YOUR ASSIGNMENT
Please restate, exactly as they appear, only the lines from the one that contains "Macro shot of" to the final line of the entries, with no pictures.

Collected data
---

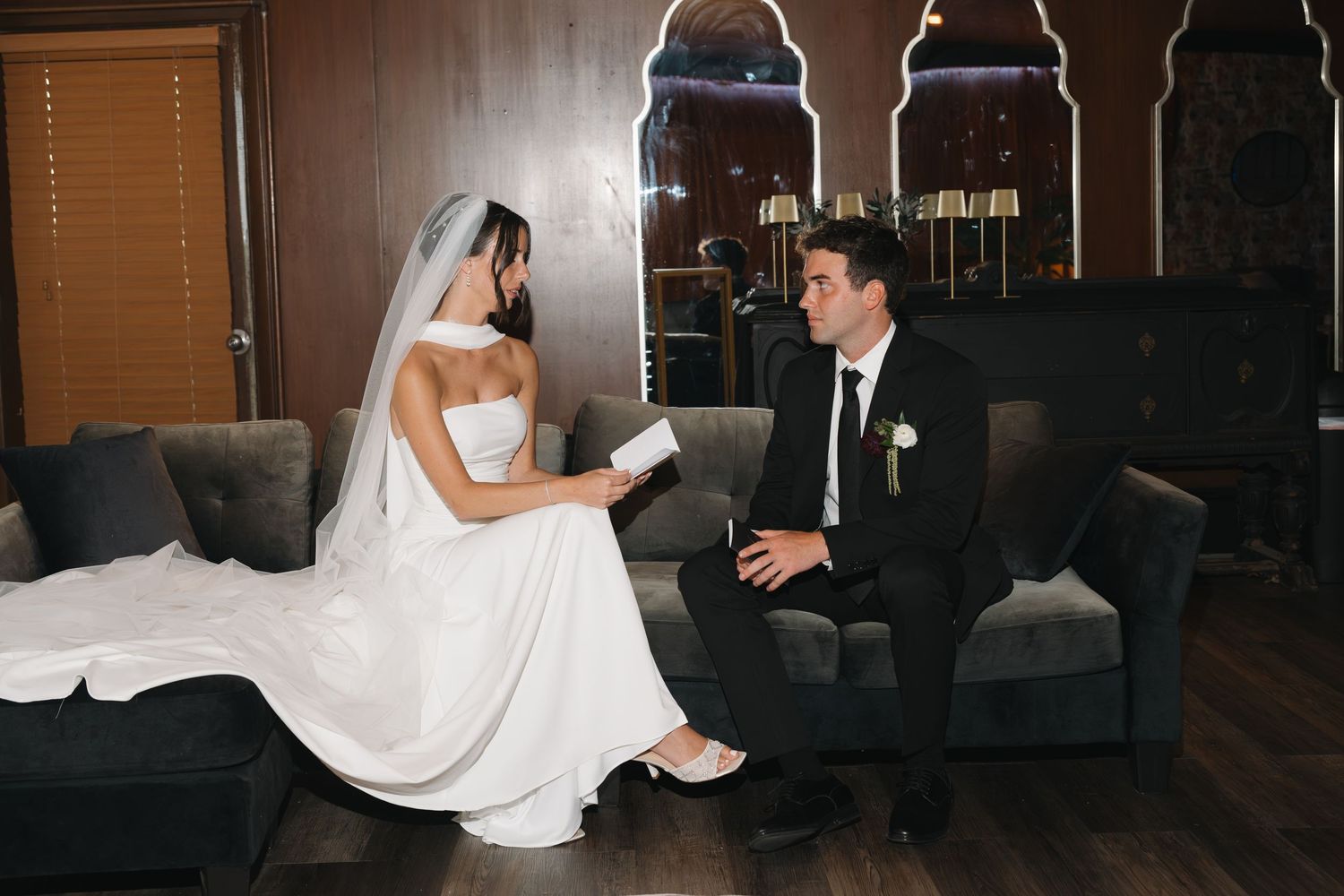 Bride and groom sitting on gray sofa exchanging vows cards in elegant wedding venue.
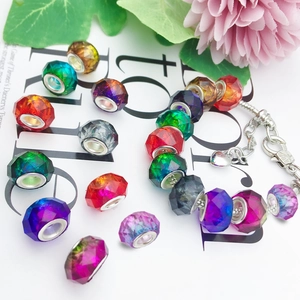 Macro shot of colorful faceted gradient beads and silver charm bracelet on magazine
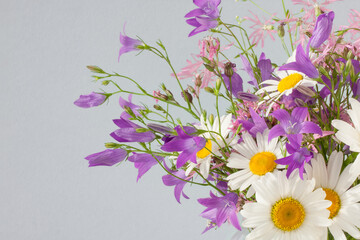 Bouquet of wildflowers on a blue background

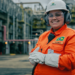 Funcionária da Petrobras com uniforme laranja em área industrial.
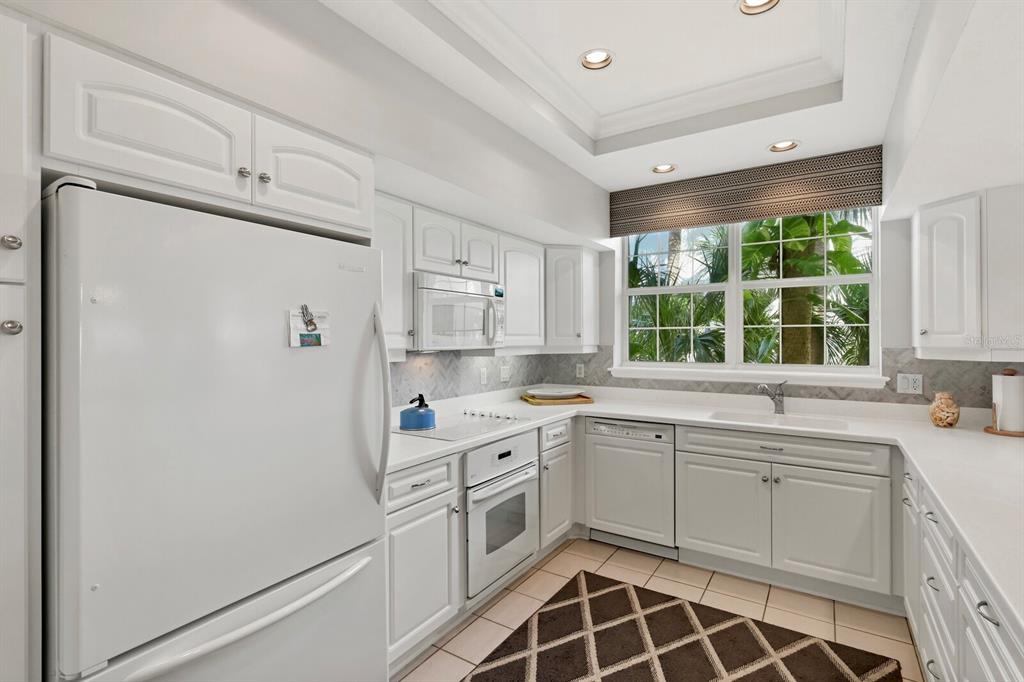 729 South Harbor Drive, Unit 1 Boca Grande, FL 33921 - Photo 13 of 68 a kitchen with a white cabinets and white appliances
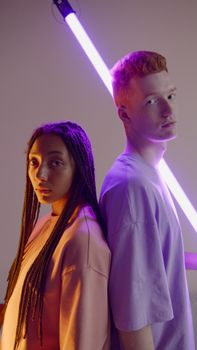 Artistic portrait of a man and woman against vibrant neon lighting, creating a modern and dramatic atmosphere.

---

FINISHED EXERCISE
 Macro shot of colorful faceted gradient beads and silver charm bracelet on magazine
 Bouquet of wildflowers on a blue background

 Funcionária da Petrobras com uniforme laranja em área industrial.
 729 South Harbor Drive, Unit 1 Boca Grande, FL 33921 - Photo 13 of 68 a kitchen with a white cabinets and white appliances
 Artistic portrait of a man and woman against vibrant neon lighting, creating a modern and dramatic atmosphere.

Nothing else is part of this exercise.